Gains with a human connection remains consistent in age of AI: Zoom COO Aparna Bawa

Gains with a human connection remains consistent in age of AI: Zoom COO Aparna Bawa



Artificial intelligence (AI) is likely to alter how work gets done and may affect certain roles, but its impact will depend on how companies choose to deploy it, Zoom chief operating officer Aparna Bawa told Pranav Mukul in an exclusive interview.

Bawa joined the US-headquartered company in 2018, when it was a relatively little-known enterprise video conferencing startup competing against far larger rivals.
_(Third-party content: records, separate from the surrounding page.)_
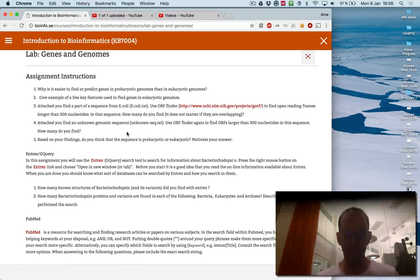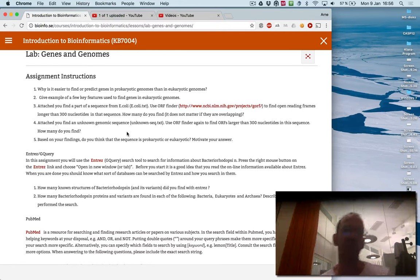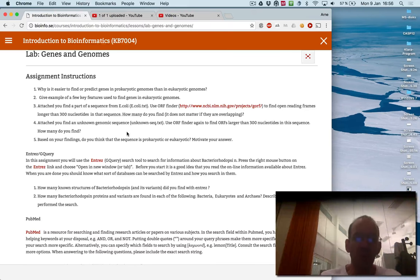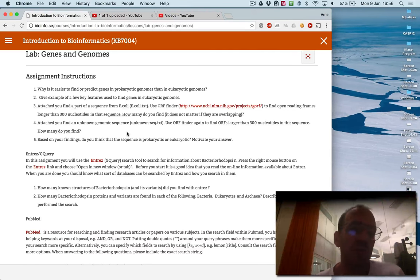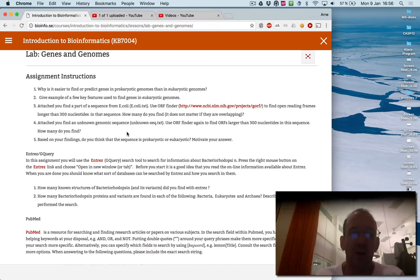So this is the first bioinformatics lab. It's called genes and genomes. You're just going to do a few simple web searches on different places to figure out an idea of things you can do.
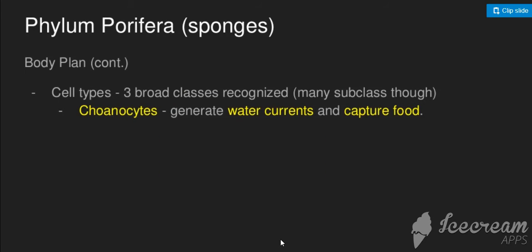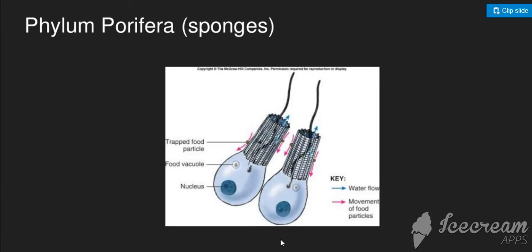In terms of cell types, the choanocytes generate water movement because they have flagella. They also help capture and filter food. As water comes in, the flagella movement drives it through. Food molecules suspended in the water are absorbed by the collar cells.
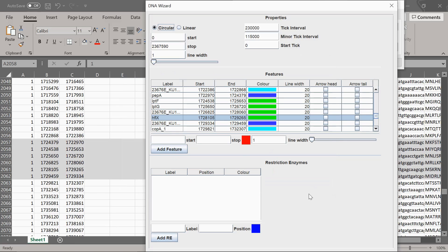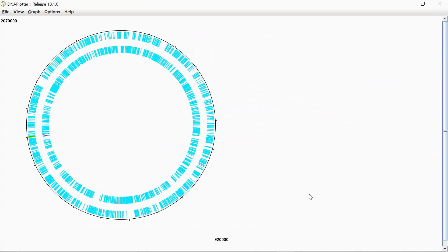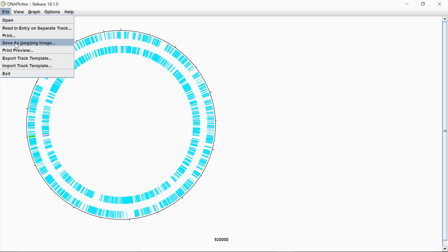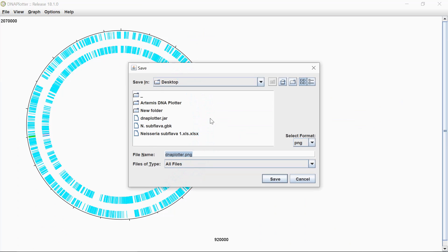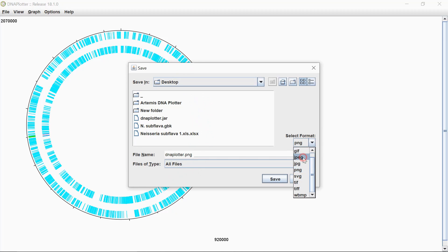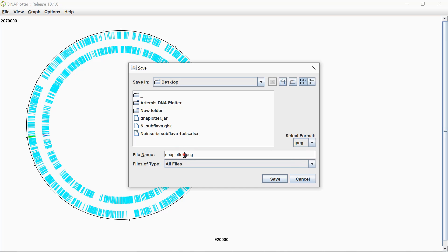So when you've done that, if you press enter, you'll see on your image here, it's quite a small region, but you can see it highlighted there. You can save this image, save as JPEG, save it on the desktop, or you can do it as a JPEG or either format. I'm going to do it as a JPEG. And if you just call this, say for example, circular genome.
The Eric Yuan-founded company subsequently went public, in April 2019, and its explosive expansion during the Covid-19 pandemic pushed its market capitalisation from about $9.2 billion at listing to a peak of $159 billion by October 2020. However, since the pandemic, it has seen modest revenue growth, with the market cap falling to $27 billion, as of early 2026, even as it remained profitable.

Bawa, who sits on the board of the leading cybersecurity firm Palo Alto Networks, also said that Zoom’s core focus remains on improving productivity and collaboration as it expands its AI capabilities Edited excerpts:

Q. You joined in 2018 and have seen the pandemic surge, the slowdown after that and now a business with roughly $8 billion in cash. How do you reflect on that arc for Zoom?

My perspective is that this company succeeded because it was able to deliver a collaboration service that was easy to use. It’s the same platform that services Fortune 1 all the way to my mother-in-law. It delivers incredible ease of use and dependable quality.

We’ve leveraged that into a full suite of products that work together underpinned by AI to deliver tremendous value to customers.